A few words about myself. (Me me me me me me!) My name is Robert Hayes. I’m 38 years old, married, raising a three-year-old toddler monkey in Colorado Springs. After dropping out of Oberlin College (a course of action I highly recommend), I moved to Washington State and pretended to go to the Evergreen State College, but mainly I was just fooling around. I moved up to Seattle to work for Microsoft, where I was a software design engineer and a software test engineer. I eventually wound up in Colorado, where I continued to work in the commercial software biz, putting in stints at Optika (now Stellent) and Quark. When the dot-com crash came, I was not able to find continued work in the field – ten years of saying “ha, the technical boom will never end so I don’t need to develop good work habits!” came back to bite me, there. So I moved with my family to Colorado Springs and enrolled at the University of Colorado, where I (finally) earned a degree in Business Administration.
I now own a small writing and editing services company called DocRocket, which specializes in quality web content development. I have found that having a payroll to meet adds a certain immediacy and focus to my working life, which has been professionally helpful. I don’t intend on returning to the computer software field; the reasons why are a set of long essays of very little general interest. As part of my work with DocRocket, I have written books on management for entrepreneurial small businesses, futures trading, and franchise management. (It turns out that business degrees have a certain degree of use, after all.)

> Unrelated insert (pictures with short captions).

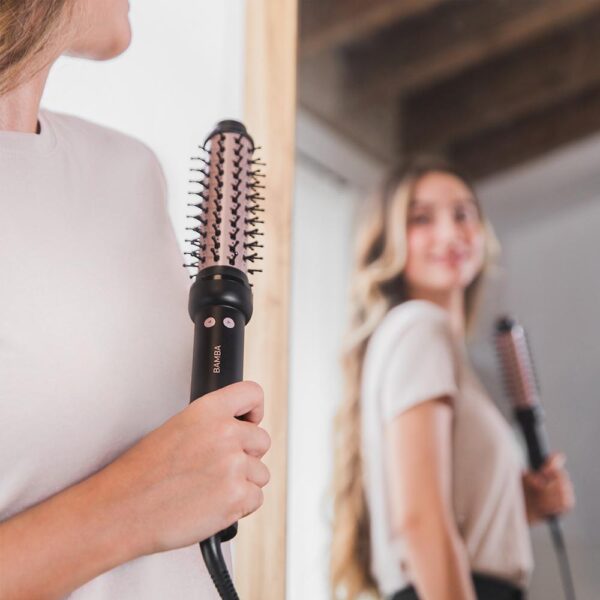 Imagen 7 Rizos perfectos con Bamba InstantCare Curly AirFlow. Cepillo de aire con rotación bidireccional, cilindro cerámico de 30 mm y temperatura ajustable para tu cabello.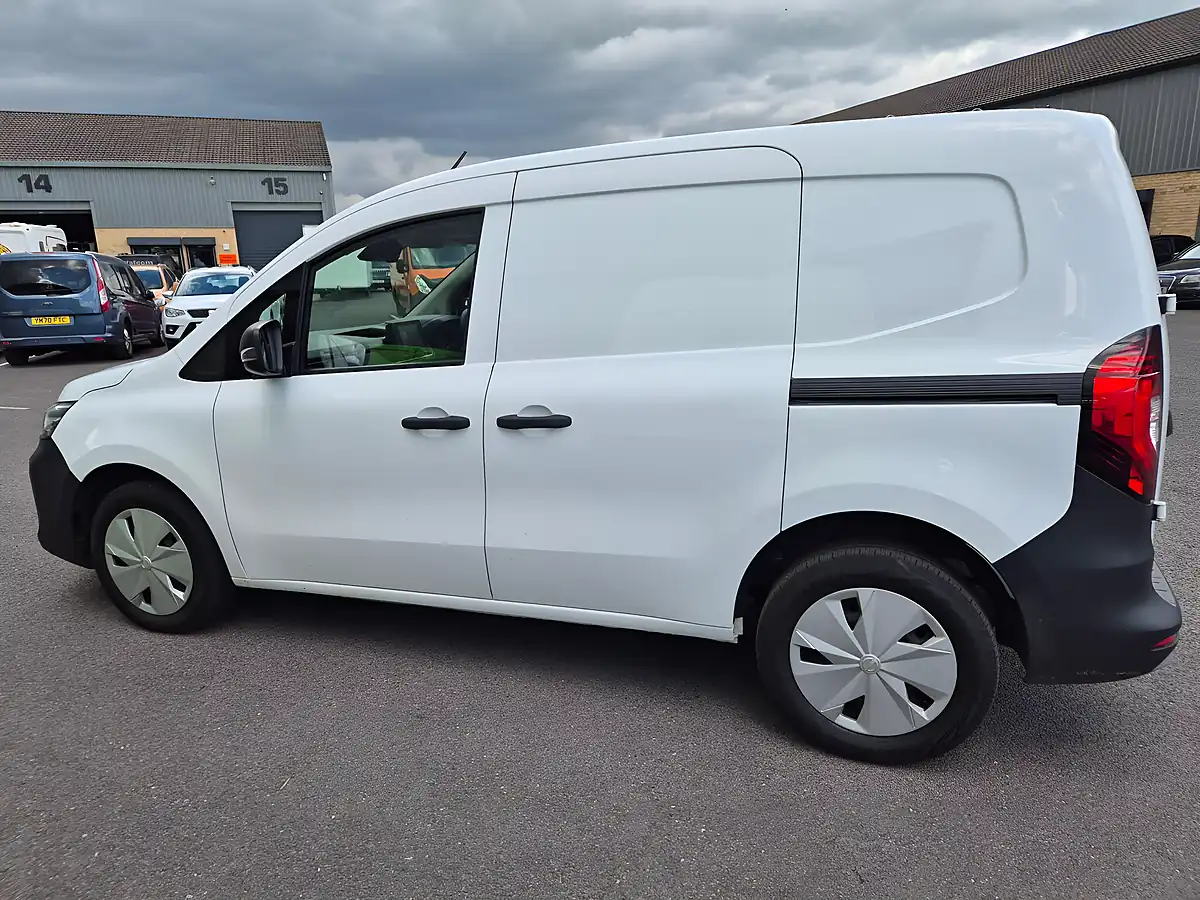 Used 2023 Nissan Townstar Acenta L1 White - Interior and Exterior details 15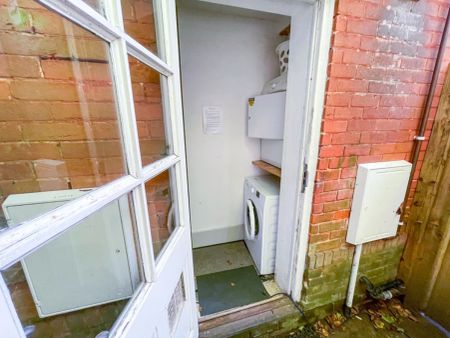 To Rent St Winifreds Road, Meyrick Park, Bournemouth, BH2 £1,000 pcm Tenancy Info - Photo 5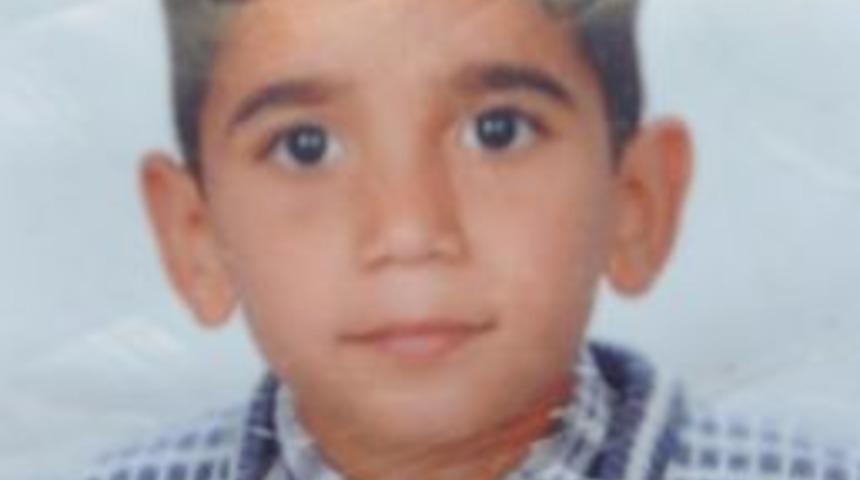 Hataylı Aile &Ccedil;ocuklarına &Ccedil;arpan S&uuml;r&uuml;c&uuml;y&uuml; Arıyor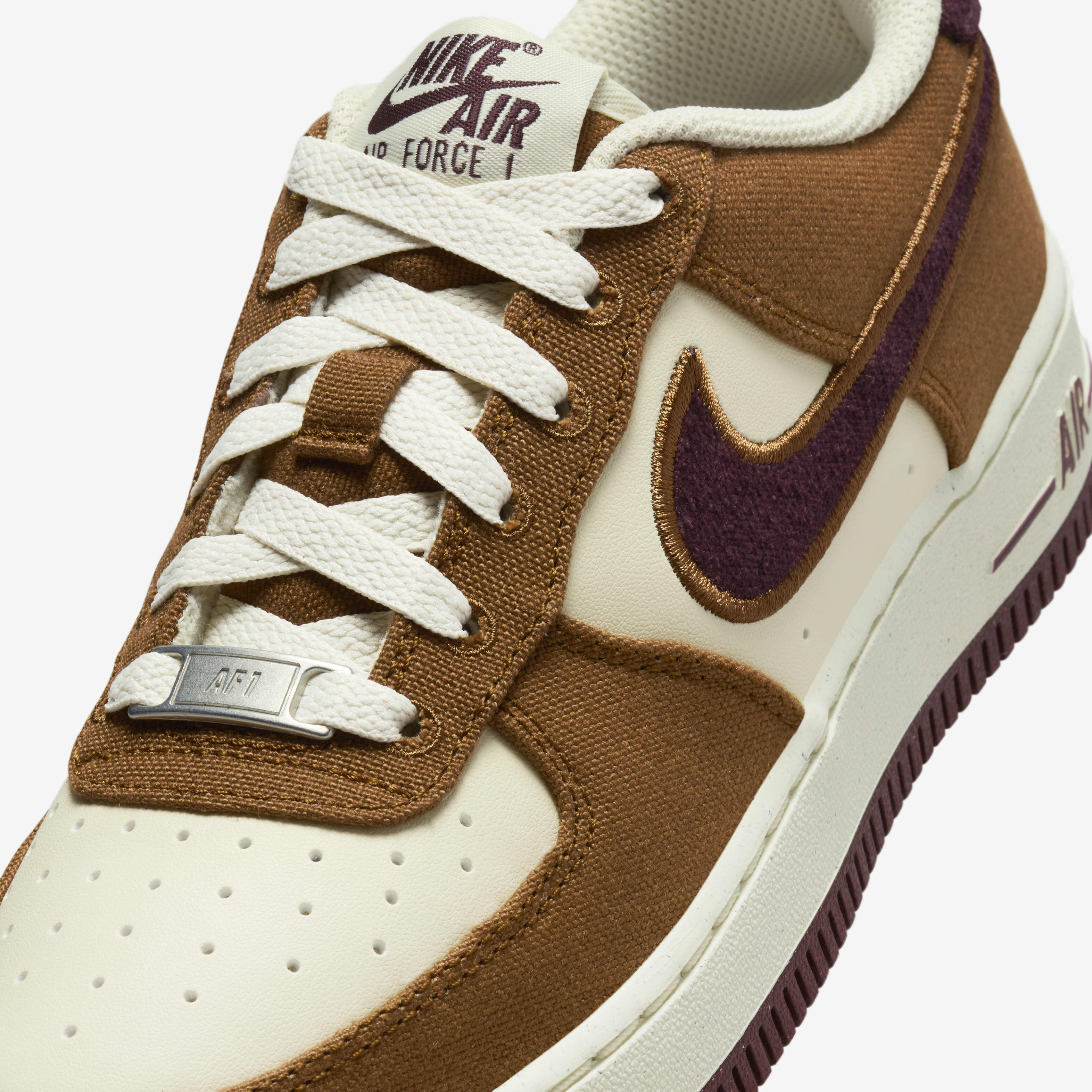 Nike air force 1 junior beige 2025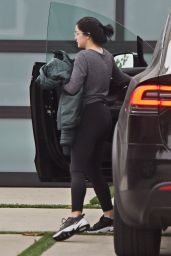 Ariel Winter in Tights - Heads to the Gym in Los Angeles 01/05/2019
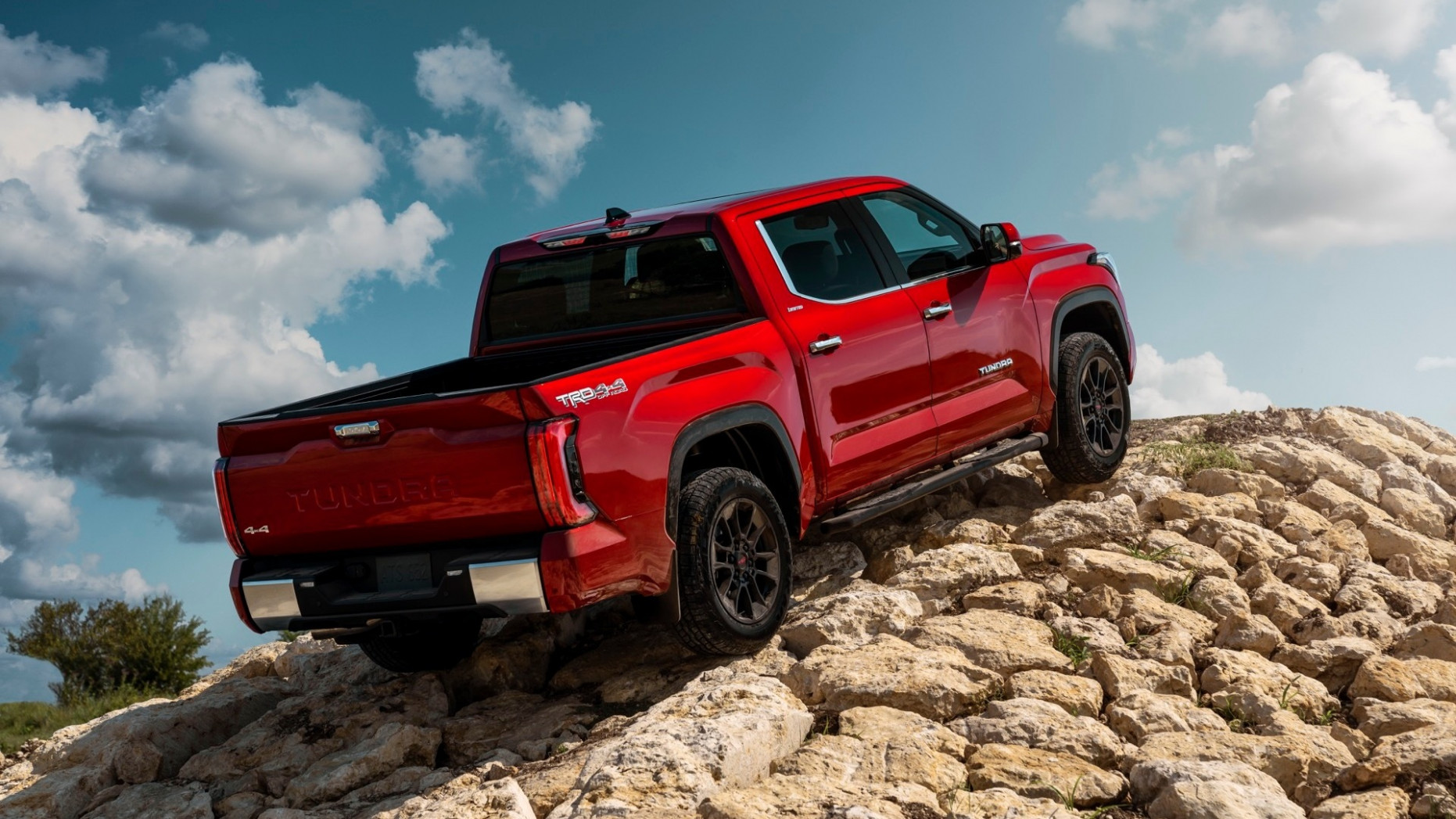 Toyota reveals a hybrid pickup, high mpg clearly not the top priority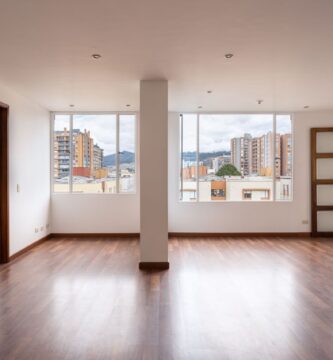 Salón vacío de un piso de alquiler con las paredes desnudas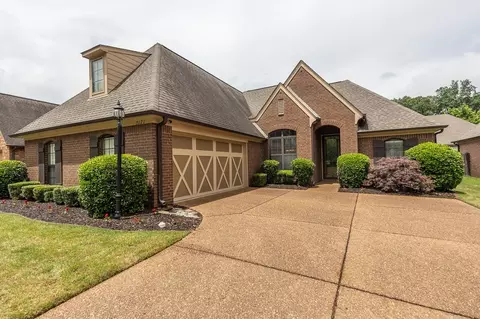 3171 Woodmeade Ln, Lakeland, TN 38002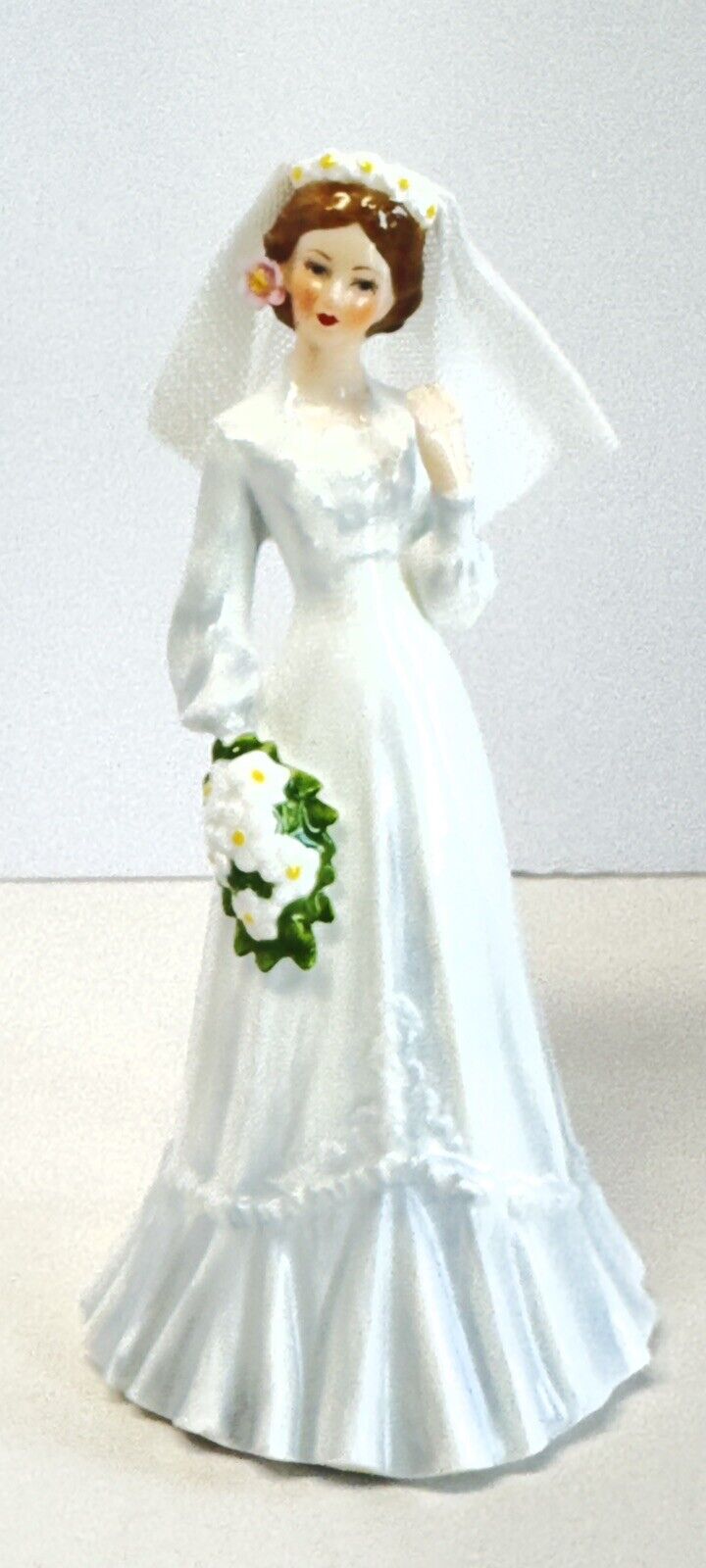 Vintage Enesco Beautiful Bride 1980 Ceramic Figurine EUC Taiwan RARE
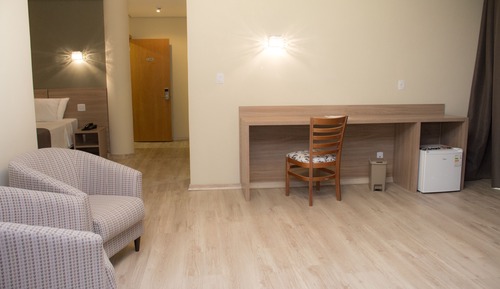 Suite (Real)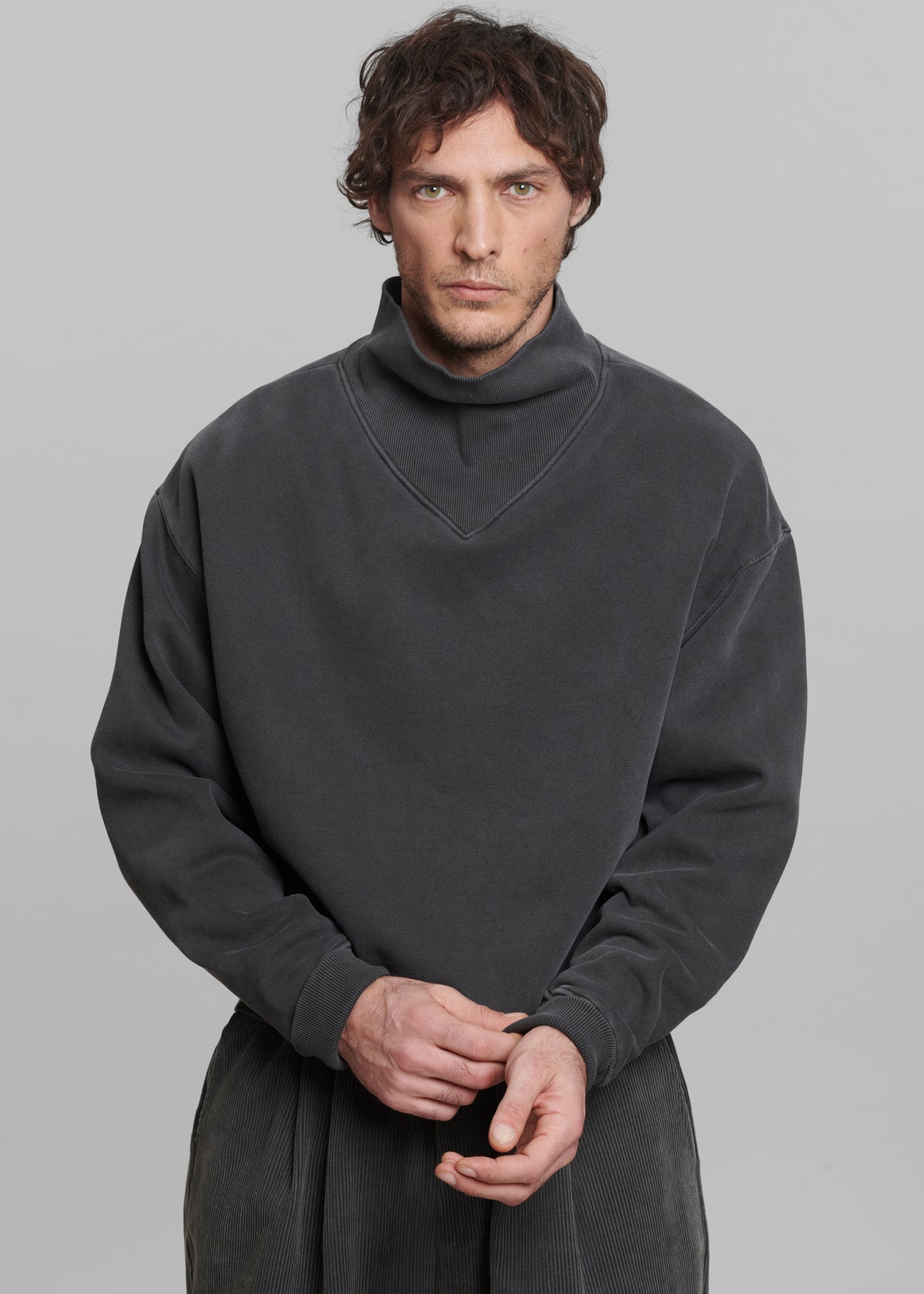 Micah Sweatshirt - Charcoal - 1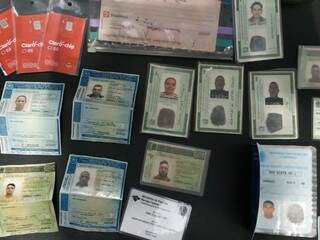 Polícia encontrou com os suspeitos vários documentos falsificados. (Foto: Divulgação/GOI)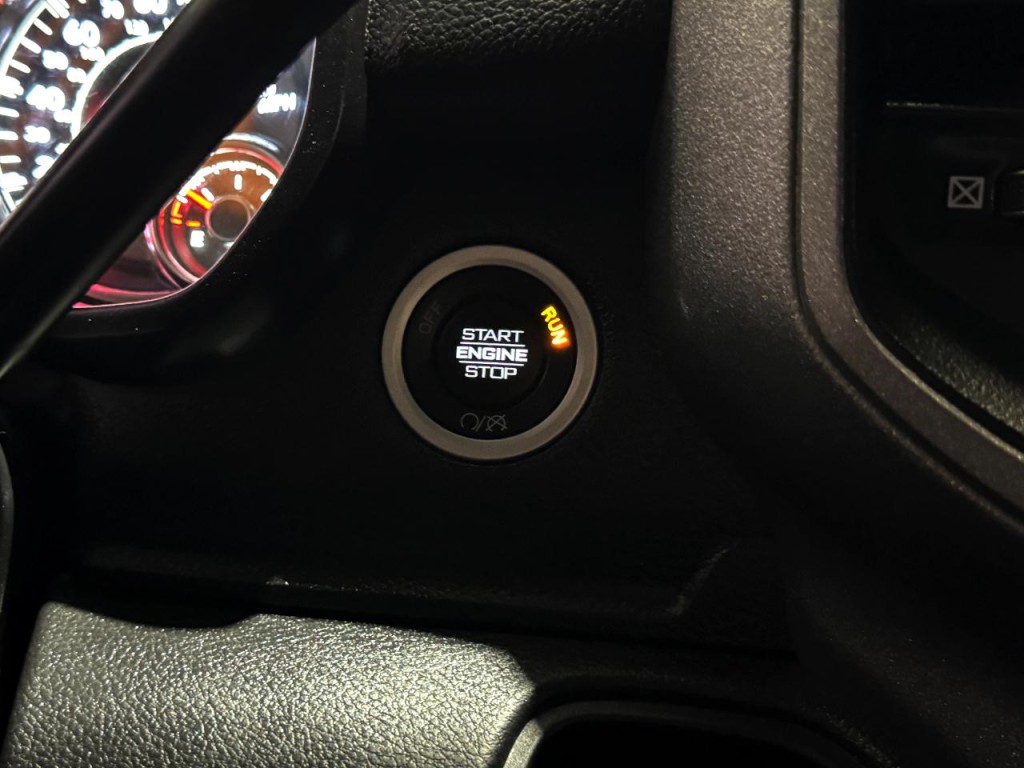 2023 RAM 3500 Image 34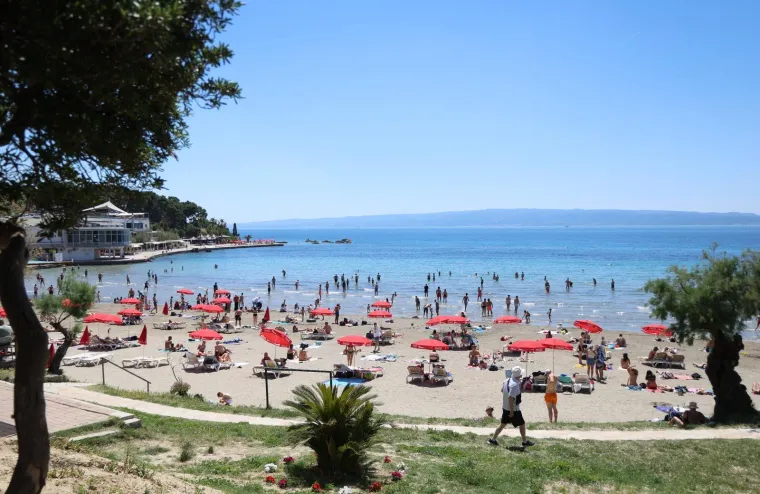 Kao da je srpanj! Od Splita do Zadra svi pohrlili po osvježenje: Pogledajte prizore s hrvatskih plaža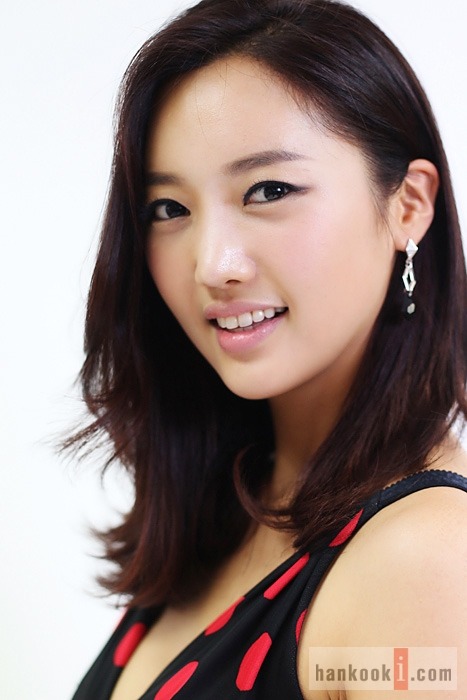 Sara Kim (KOREA 2012) 11612D35501364E041E885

My politics have arced from center-right during my Oklahoma boyhood, to fairly hard left during my early college days, veering over to the very hard right for a while, and now settling back in around the center-right mark. These labels are of course inadequate, and depending on the issue, you might see my politics vary widely. I am a strong supporter of the war on terror, I believe America is the last best hope of mankind, and I think that people who want to die for their God ought to be given the opportunity. Spiritually, I am a Catholic of honest conviction and poor performance. Ethically, I try to be honest and of good character – mainly because it is not in my nature to be so. Like all of us, I am a fallen man – and thus, “do what comes naturally” and “let it all hang out” are not philosophies which lead to good outcomes for me.
My interests are very eclectic. I am a follower of the partisan slugfest that is American politics. I enjoy history, particularly the history of the classical Mediterranean civilizations and their predecessors. I am a big fan of cryptoarcheology and cryptohistory, and I’ll read any non-mystical book on Atlantis I can get my hands on. (I’m not a “Atlantis had spaceships and grav rays!” fan, I’m a “Atlantis may have been an advanced ancient civilization with navigational and mathematical knowledge that were lost and not rediscovered until the Middle Ages” fan.) I enjoy computer games of the strategic/cerebral variety and board and role playing games of the old school. Most of my free time, however, is spent with my family, or doing blogging.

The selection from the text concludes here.